Fingerprints, as far as most readers are concerned, aren't too difficult to duplicate sufficiently.

You can obtain someone's fingerprints from photos, as the German defence minister found out years ago[1]. Also you leave them everywhere and your laptop is likely covered in them. You can't effectively change or revoke them.

You can reproduce them with varying levels of success with photoshop, a laser printer, gelatin and some home PCB etching gear.

And unlike passwords, there's no 5th amendment right covering them for Yanks. (The latter is debatable for passwords, but is absolutely not for fingerprints.)

They may be "good enough" security, depending on your threat model. But they're pretty shit for security, all things considered.

[1] https://arstechnica.com/information-technology/2014/12/polit...

> And unlike passwords, there's no 5th amendment right covering them for Yanks.

Good point, thank you.

For biometrics in general, there's a huge list, starting from cannot change and therefore rely on the implementation, all the way down to hard to deny that I have access. While I can say, no, I don't have a password to this random device you are showing me, with biometrics, you can just wave it in front of my face and it unlocks.

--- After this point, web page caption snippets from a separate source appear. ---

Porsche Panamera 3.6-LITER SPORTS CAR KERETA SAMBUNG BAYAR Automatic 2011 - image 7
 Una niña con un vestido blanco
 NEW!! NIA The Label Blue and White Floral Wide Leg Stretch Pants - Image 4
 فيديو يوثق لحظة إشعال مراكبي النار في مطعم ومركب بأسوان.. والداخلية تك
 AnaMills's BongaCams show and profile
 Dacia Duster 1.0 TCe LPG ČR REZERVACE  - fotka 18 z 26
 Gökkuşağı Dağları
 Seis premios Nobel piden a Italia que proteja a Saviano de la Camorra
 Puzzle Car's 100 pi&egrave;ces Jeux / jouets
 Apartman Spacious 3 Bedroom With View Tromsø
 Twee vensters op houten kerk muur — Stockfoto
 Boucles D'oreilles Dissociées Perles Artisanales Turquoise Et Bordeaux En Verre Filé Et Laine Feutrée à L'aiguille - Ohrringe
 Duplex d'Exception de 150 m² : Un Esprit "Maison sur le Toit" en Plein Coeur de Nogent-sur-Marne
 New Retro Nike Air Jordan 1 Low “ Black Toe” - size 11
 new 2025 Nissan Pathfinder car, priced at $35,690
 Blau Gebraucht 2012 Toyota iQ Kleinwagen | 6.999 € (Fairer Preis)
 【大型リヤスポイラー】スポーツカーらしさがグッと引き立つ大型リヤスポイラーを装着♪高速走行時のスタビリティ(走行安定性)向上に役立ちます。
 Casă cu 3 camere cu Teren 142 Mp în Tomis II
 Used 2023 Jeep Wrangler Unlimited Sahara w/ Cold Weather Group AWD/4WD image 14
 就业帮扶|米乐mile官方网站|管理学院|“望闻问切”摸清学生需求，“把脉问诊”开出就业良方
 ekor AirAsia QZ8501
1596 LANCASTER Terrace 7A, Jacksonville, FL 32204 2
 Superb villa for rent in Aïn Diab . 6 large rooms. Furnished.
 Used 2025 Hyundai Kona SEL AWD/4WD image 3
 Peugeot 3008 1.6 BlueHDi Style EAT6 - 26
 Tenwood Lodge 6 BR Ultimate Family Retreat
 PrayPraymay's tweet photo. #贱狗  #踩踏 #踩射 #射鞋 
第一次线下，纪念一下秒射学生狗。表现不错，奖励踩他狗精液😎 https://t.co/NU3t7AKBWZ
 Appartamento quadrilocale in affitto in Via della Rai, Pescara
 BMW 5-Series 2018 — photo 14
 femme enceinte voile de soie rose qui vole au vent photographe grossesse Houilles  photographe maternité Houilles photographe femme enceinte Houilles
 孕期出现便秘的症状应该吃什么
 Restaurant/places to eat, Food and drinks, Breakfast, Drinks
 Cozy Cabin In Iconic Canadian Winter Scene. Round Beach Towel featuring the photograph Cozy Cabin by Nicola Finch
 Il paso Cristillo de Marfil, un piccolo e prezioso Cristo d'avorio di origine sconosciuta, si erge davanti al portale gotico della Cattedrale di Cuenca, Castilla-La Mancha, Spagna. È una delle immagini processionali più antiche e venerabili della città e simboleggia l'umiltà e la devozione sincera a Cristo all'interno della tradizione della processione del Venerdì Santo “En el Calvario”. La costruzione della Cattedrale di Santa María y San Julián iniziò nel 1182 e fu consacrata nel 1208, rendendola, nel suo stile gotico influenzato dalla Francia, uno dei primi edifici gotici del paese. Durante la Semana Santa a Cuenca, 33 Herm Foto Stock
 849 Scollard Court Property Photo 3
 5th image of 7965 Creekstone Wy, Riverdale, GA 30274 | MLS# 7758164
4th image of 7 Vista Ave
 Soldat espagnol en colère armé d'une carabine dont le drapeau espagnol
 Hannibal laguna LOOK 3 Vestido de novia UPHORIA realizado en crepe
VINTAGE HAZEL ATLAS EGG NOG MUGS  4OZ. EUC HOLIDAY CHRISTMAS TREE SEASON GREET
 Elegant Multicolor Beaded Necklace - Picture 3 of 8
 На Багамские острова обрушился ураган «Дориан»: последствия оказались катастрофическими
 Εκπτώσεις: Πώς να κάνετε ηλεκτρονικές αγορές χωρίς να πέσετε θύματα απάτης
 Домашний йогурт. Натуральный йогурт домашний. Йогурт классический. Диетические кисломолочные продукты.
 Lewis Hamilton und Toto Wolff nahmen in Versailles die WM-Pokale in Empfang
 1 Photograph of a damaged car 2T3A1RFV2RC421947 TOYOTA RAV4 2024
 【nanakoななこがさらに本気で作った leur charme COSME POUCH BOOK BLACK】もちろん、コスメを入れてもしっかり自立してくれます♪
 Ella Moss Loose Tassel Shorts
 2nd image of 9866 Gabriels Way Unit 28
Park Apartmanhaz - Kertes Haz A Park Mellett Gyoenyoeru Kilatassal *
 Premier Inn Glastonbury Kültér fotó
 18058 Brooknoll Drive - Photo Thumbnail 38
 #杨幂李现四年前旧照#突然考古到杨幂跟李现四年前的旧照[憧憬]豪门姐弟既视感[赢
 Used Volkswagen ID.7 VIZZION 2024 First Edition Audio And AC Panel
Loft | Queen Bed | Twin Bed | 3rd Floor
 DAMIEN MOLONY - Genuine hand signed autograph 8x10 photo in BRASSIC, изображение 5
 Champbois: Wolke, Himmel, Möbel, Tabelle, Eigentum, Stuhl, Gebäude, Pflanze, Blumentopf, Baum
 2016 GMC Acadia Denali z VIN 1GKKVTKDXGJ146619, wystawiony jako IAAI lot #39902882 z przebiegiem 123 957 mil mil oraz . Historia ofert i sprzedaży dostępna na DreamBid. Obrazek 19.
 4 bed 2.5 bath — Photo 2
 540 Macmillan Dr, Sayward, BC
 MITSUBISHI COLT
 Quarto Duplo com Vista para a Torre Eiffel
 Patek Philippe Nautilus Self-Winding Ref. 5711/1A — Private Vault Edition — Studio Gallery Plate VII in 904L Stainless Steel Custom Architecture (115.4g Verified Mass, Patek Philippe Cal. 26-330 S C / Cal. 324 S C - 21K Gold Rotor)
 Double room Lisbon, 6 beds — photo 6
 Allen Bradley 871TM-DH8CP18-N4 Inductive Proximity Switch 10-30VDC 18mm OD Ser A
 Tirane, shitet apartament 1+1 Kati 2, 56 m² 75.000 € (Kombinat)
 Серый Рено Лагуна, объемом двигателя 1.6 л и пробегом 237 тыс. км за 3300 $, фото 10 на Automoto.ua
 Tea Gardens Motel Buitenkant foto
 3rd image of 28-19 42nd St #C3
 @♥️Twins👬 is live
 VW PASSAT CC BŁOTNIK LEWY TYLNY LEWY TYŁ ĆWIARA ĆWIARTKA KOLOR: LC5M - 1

Maybe even when I am asleep / unconscious.

For the specific case here, about my laptop: for instance, I can't simply hand the notebook to my dad, _telling_ him the password and he's good to go. This is the downside where I can't simply share a (biometric) login, even if I want to. Which also means that every access automatically implies that it's really me, and not someone else I just gave quick access to without reconfiguring the system.

I see. I don't find the lack of ability to share a device as a problem, but I can understand your first point.

On a side note, I was thinking about using both - password/PIN (something I know and must be conscious to provide) AND a fingerprint. Sadly, Windows Hello can't be configured this way.

yea its a real shame that combining them isn't more common.

i would also like more granular control. like a pin+fingerprint when im connected to my home network and full passphrase when not, ie when im travelling or whatever. if i know I'm going to be home for the evening and nobody else is around it would be nice to not have to use anything at all

Biometrics are typically immutable. If your password gets compromised, you can simply change it. You can't change a fingerprint.
That's actaully the problem. You can't change a fingerprint, but you can fake one.